The Jewish Traveler : Rhodes
By Esther Hecht
The city housed thousands of Jews before World War II. Today it again has something of a Jewish presence.
“The bride came out of the baths, the groom awaits her—she came out of the sea.” So the female relatives and friends of a Jewish bride in Rhodes would sing as she wound her way through the narrow lanes of this medieval walled city on her way to the prenuptial bath. There she would nibble on marzipan, symbol of a sweet life, and prepare for the sea change of marriage. The lives of Rhodeslis, as the Jews of this Greek island call themselves, have always been bound up with the sea. Their homes and synagogues were near the harbor; as silk merchants they sent and received exotic cargoes. And it was by sea that they left the Island of Roses to seek their fortunes in distant lands: the Belgian Congo (today Zaire), Rhodesia (which is now Zimbabwe and Zambia) and the United States.

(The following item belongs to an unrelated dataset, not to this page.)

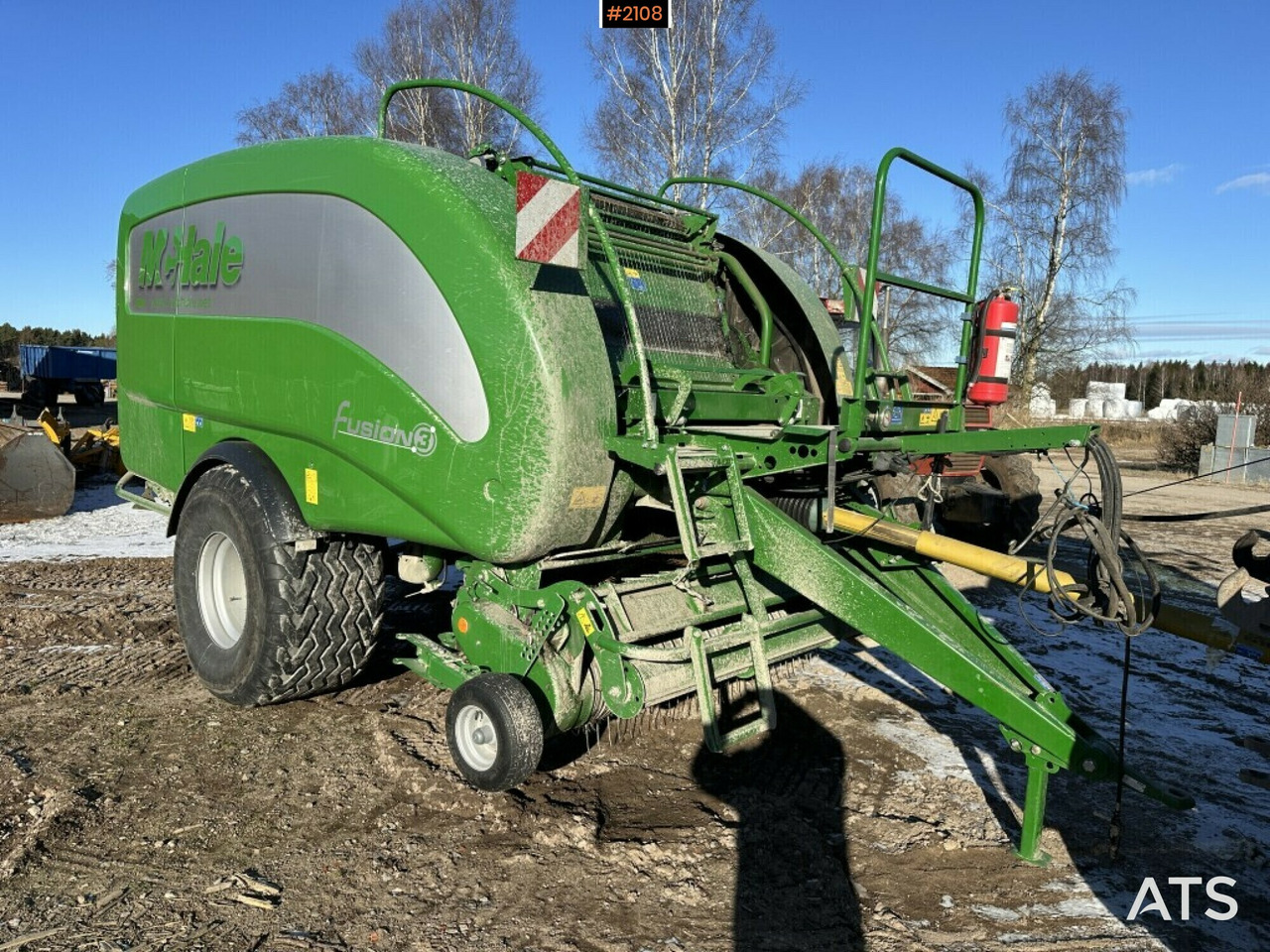 Round baler Mchale fusion 3 only 8490 bales (see video) - Техника для сенозаготовки: фото 1 Round baler Mchale fusion 3 only 8490 bales (see video) - Техника для сенозаготовки: фото 1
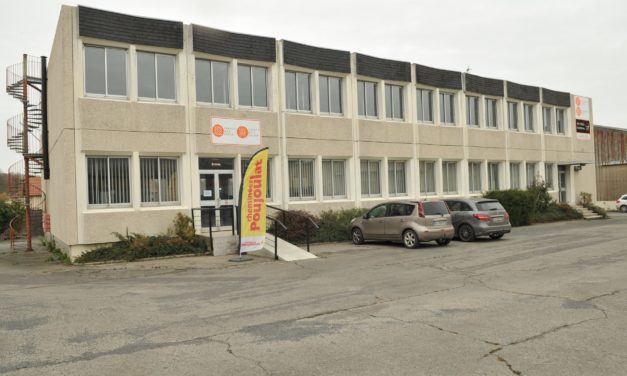 Parquet Bois Décor et Poêles à Bois Décor à Sourdeval au 14 Avenue du maréchal Foch, anciennement Établissement Seguin. Venez découvrir nos nouveautés 2023.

Wherever they went they carried the memory of their close-knit community and their historic city, with its crenelated towers and its sculptures of a hart and a hind flanking the entrance to the harbor, just where the Colossus—one of the seven wonders of the ancient world—once stood. Because the memory never faded, Jeremy Gross, the Los Angeles grandson of Rhodeslis, came to celebrate his bar mitzva on July 13, 2001, in the sixteenth-century Kahal Shalom Synagogue. Bar mitzva visits like Jeremy’s breathe new life into this, the oldest functioning synagogue in Greece.
Samuel Modiano, one of the few Rhodeslis to have survived the Holocaust, was to have had his bar mitzva in Kahal Shalom in 1944, but instead “celebrated” it in Auschwitz. Today, at 71, Modiano leads tours of the synagogue and La Juderia, the neighborhood that housed thousands of Jews before World War II. “I am obligated to tell,” Modiano says sadly. “There is no one else.”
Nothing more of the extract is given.